En las pasadas Navidades nos fuimos la familia a dar
un paseíto por Sevilla, ciudad que si ofrece su máximo esplendor en primavera,
no es menos atractiva en cualquier época o momento del año (absténganse en
agosto), y en esos días de frío, alumbrado festivo y, sobre todo, gente, mucha
gente y su bullicio, parece como si la vida estuviera a salvo de crisis y
problemas diarios. Y con dos copitas parece como si no hubiera ni corrupción.
Pues en ese transitar de la masa, donde se entrecruzan conversaciones y se oyen
comentarios sin querer porque el español no habla sino grita, me quedé con uno
oído al pie de unos famosos grandes almacenes vomitado por un joven metido de
lleno en la veintena, si no rozaba ya la década siguiente, dirigido a dos o
tres jóvenes seguramente familiares: “estas Navidades deberíamos hacer regalos
que no sirvieran para nada. Al abuelo, un libro.” No sé si lo sacó de alguna desagradable
campaña o anuncio publicitario, de esos que escarban en la idiotez del
consumidor (¡hay tantos!), lo cierto es que el comentario dio su juego, el que
le propuse a la familia. Sentados en un bar cercano y con cuatro bebidas
calientes para reconfortar el cuerpo, nos dispusimos a alimentar el espíritu.

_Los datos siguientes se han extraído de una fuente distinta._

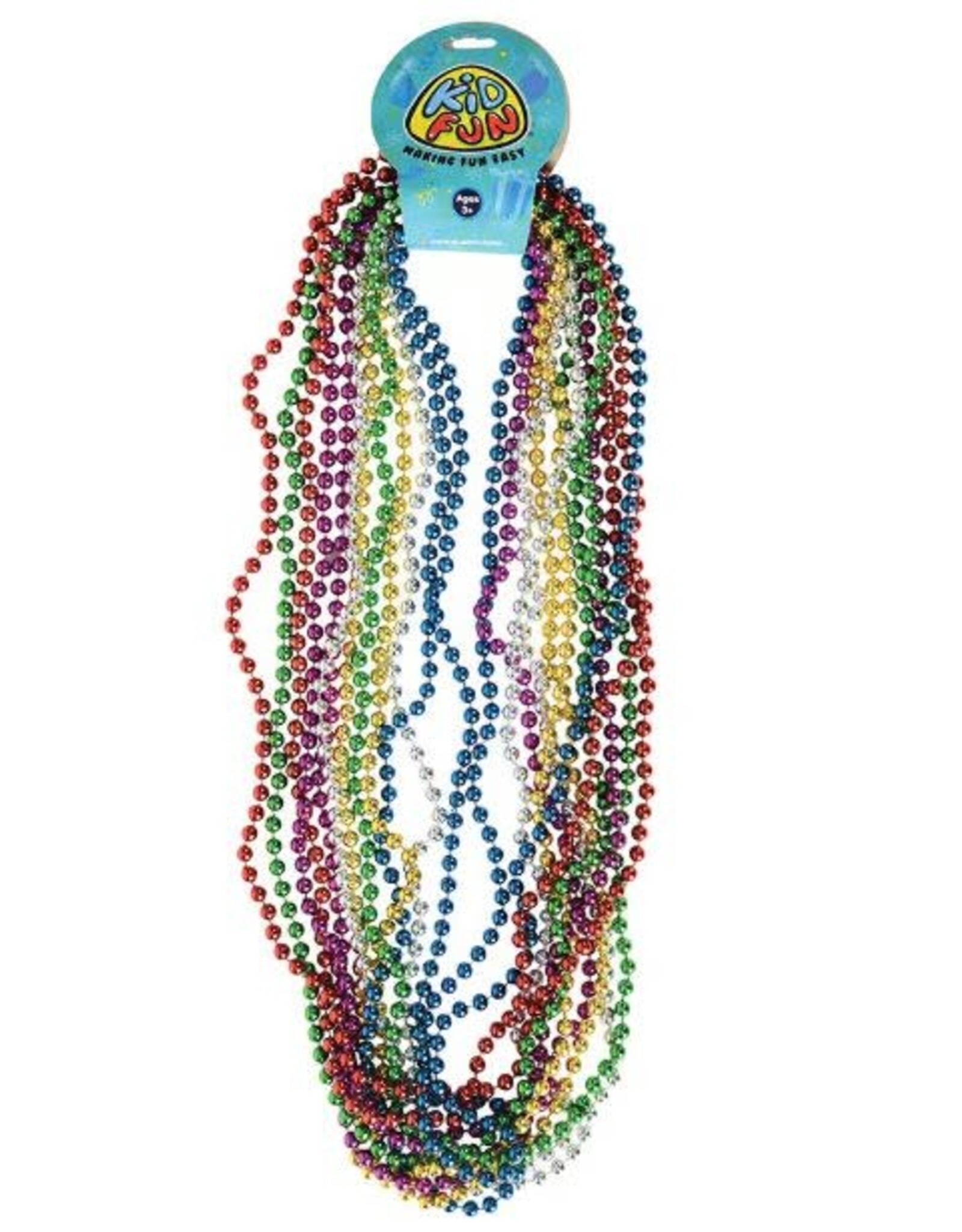NECKLACE METALLIC BEAD ASSORTED COLORS  6MM 12 PACK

Partiendo de la afirmación de que, y no nos duelen prendas en reconocerlo, hay
libros que no sirven para nada, en todo caso para molestar y perder tiempo y
dinero, nos dedicamos a imaginar cómo sería el abuelo del generoso e
inteligente nieto. Los cuatro coincidimos en que sería un señor sin estudios,
seguramente dedicado durante toda su vida a una profesión de carácter manual,
aunque cabía también la posibilidad de que por sus años hubiera perdido la
vista, con lo que el libro de nada le hubiera servido, fin último de su sin
duda querido descendiente, lo que le confería al regalo un punto de maldad
añadido. En cualquier caso, y dado que ya empezamos a imaginar más de lo que la
lógica nos exigía y de que el juego tocaba ya a desvarío, en lo que sí
estábamos los cuatro totalmente de acuerdo es en que el pobre abuelo no se
merecía aquel nieto. José López Romero.